I have used sklearn to create a basic multiclass naive bayes text classifier. I have 3 classes and around 800 rows of data. Class A has 564 rows, Class B has 159, and Class C has 82. As you can see the data is unbalanced among the classes and I understand that this can affect the accuracy because Bayes Theorem takes into account the probability of a word occurring in the text given that the text is of a specific class in order to figure out the probability of the text being of said class given that it has the word in the text. This was my first go, and I plan to get more data, as you might imagine Class A was the easiest to get while Class C was the hardest to attain.

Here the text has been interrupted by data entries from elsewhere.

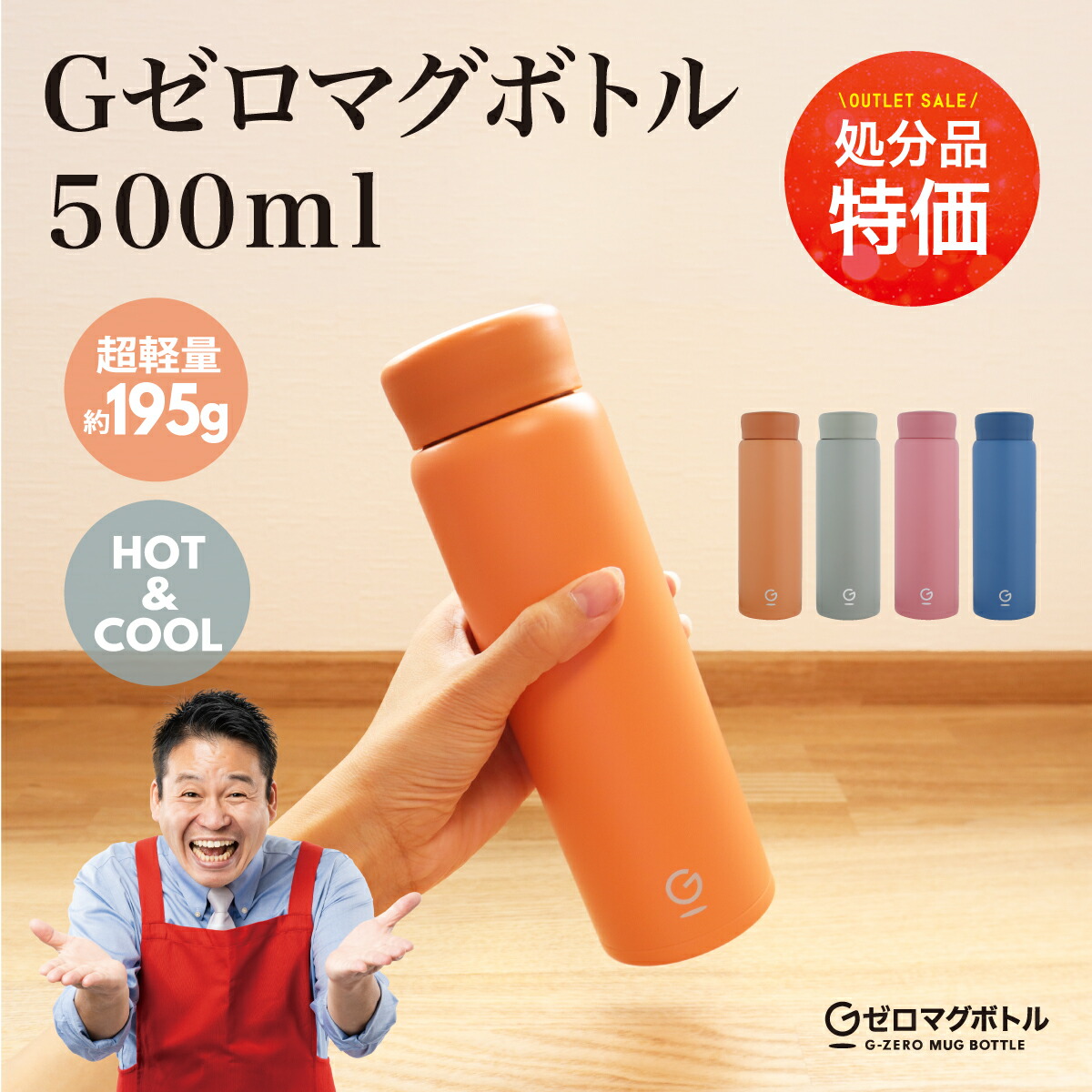 Rady 水筒　2本 Rady 水筒 2本 楽天市場】＼今ならレビューで1000円クーポン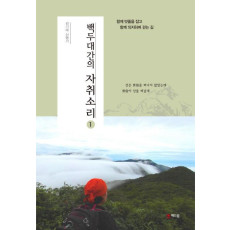 백두대간의 자취소리. 1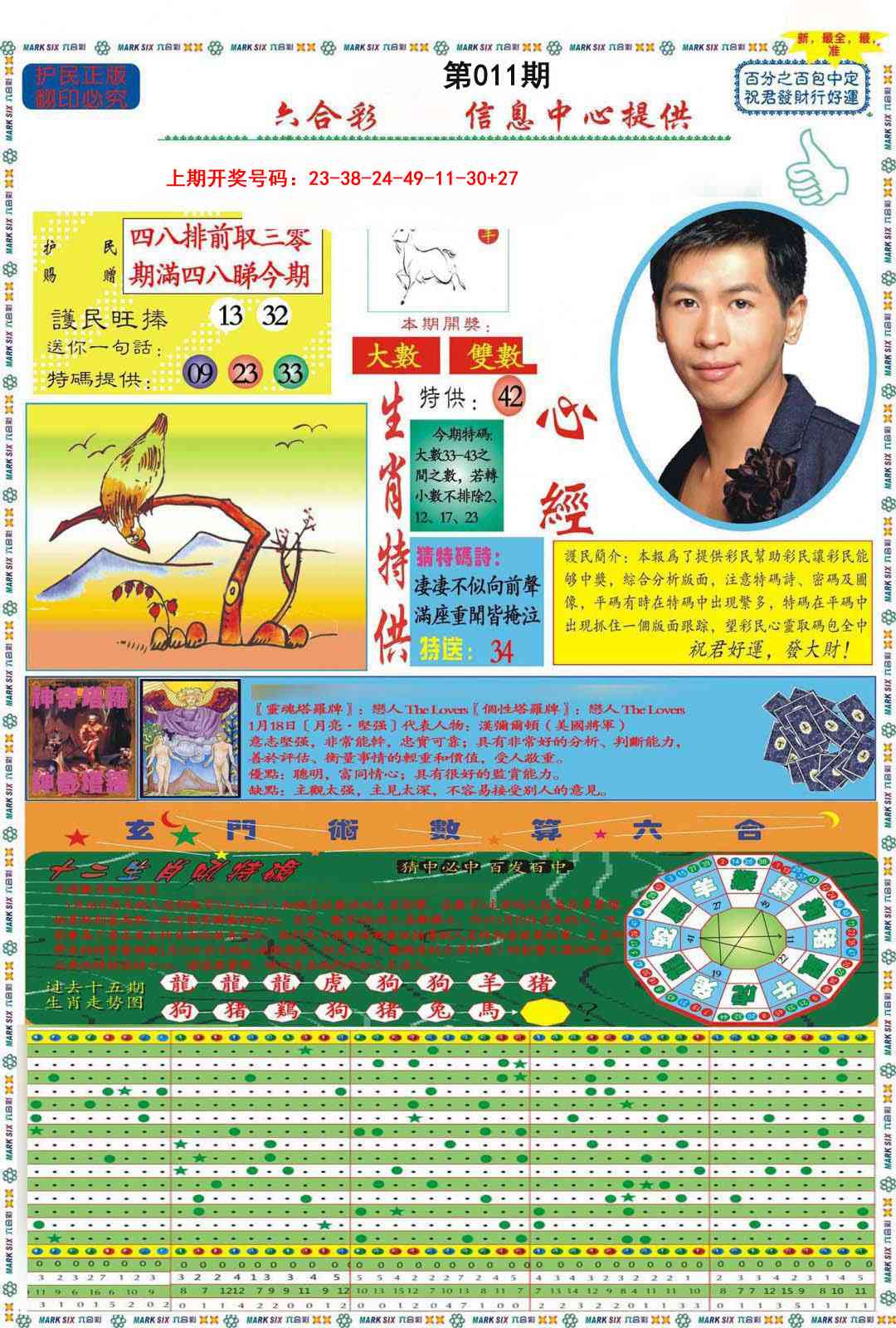 011期九龍心经A(推荐)[图]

I am however confused as to how I should be approaching creating and improving this model and how balanced the class data sets should be. If I were to get perfectly proportionate data for each class say 1000 rows of data for each class, or undersample the data i already have, wouldnt this affect the accuracy as well? Since in reality, the occurrence of Class C is actually definitely less likely than A and B. In reality the proportions of the classes are somewhat similar (although varying from person to person) to the probability of a text being of said Class. And since the Bayes Theorem also takes into account the Probability of a piece of text being a specific class in order to calculate the probability of a text being a specific class given that it contains a word, wouldn't creating a balanced dataset with equal number of rows for each class decrease the accuracy as the probability of a class occuring in production is not taken into account as the probability is now essentially constant and the same for all classes since they occur equally. Although making all classes equal does remove the bias of a word due to unbalanced datasets.
So I am unsure how to approach creating this model efficiently as I feel with unbalanced data, common words in Class C are perceived by the model to be more likely to occur in an email of Class A when in reality they are probably more common in C but the skewed data is creating this bias. On the other hand, making the classes balanced ignores the actual probability of a piece of text being a specific Class although I have no way of calculating a universal probability of each class that is accurate for all individuals, (does that mean that making the classes balanced has less of a negative effect on accuracy?). Any guidance is greatly appreciated, I am quite new to this.